Initially, I had used circular motion to make the planets move around the sun. I included a background in the draw function, making it so that only one of each planet appeared at a time. However, after learning to use translations and rotation instead to create circular motion, I found it to be a lot easier to use, and also a lot easier to edit. Changing the circular motion to fit the needs of the piece proved to be a bit more difficult than using simple translations and rotation, which more often included whole numbers or decimals, rather than the more complicated decimals that can be involved in circular motion.

I added a few things to the 2D version before moving on to the next step. Once I saw the layers of rotation you could create using translations and rotation, I added a moon rotating around Earth, and later the two that rotate around Mars. I had also added a comet, originally made to be a shooting star but it came out looking more like a comet, that goes across the top of the project through the sky. I added a second rocketship, both of them having little aliens sitting atop them, like a little squadron of them. Finally, I added a loop of lines made up to look like stars, to fill in the blank space behind the planets.

Once I started to make really good progress with the 2D versions of the project, the idea of using 3D presented itself. Angela provided a wonderful tutorial on how to make a solar system in 3D. The tutorial itself was a bit different than the code I was used to, a bit more complicated, and the end result was also different than what I was trying to achieve. So I watched the tutorial and coded along with it. After that, I infused that code with my own to create a 3D version of my piece, where the planets and the sun are 3D objects. The tutorial also used wraps on the planets (a real image of the planets that wraps around the spheres), which I thought was a great idea, and I also used those on my planets. I also added a background image of real stars, to match the realistic look that the planets had, as opposed to the loop I had used before, which just didn’t match the look I was going for due to the disorganized look of them. I wanted the project to look more polished.
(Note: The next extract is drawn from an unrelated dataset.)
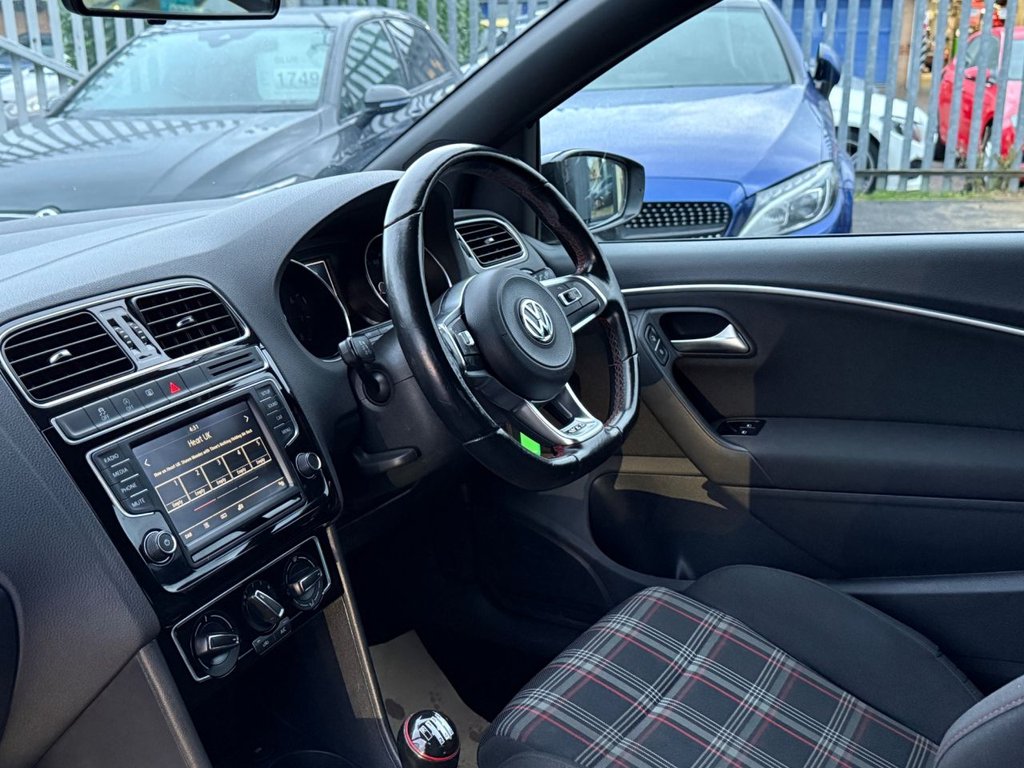 Used Volkswagen Polo 2016 for sale - 76546826: Photo 8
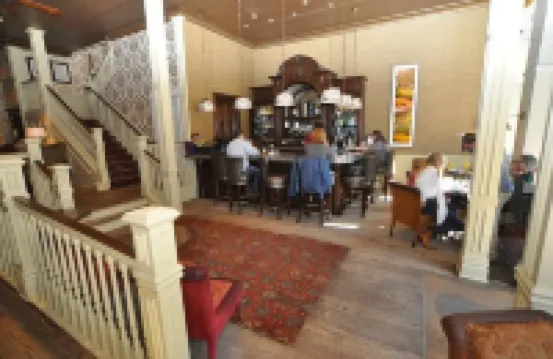 新謝里登飯店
The final change I made was changing the speeds of the planets in the 3D version. At first, I really liked the faster speed, because then it was clear that the planets were moving at different speeds and you could watch it go round and round. However, with the 3D version, there is so much detail that you miss when it goes fast, so I slowed it way down. Now, you can see the beautiful detail of the planets.

I think my favorite part about this whole project is the ways it has and can still evolve. A large project like this can almost never be called finished, you just have to decide when you’re done. I could easily go back to this piece and add different things, like asteroids for example, into the piece. That’s been the fun part about coding for me, is just messing around and adding things, watching and seeing what makes it more dynamic. While I am calling the project done for now, I could definitely come back to this piece some day and add more. And I think that’s wonderful.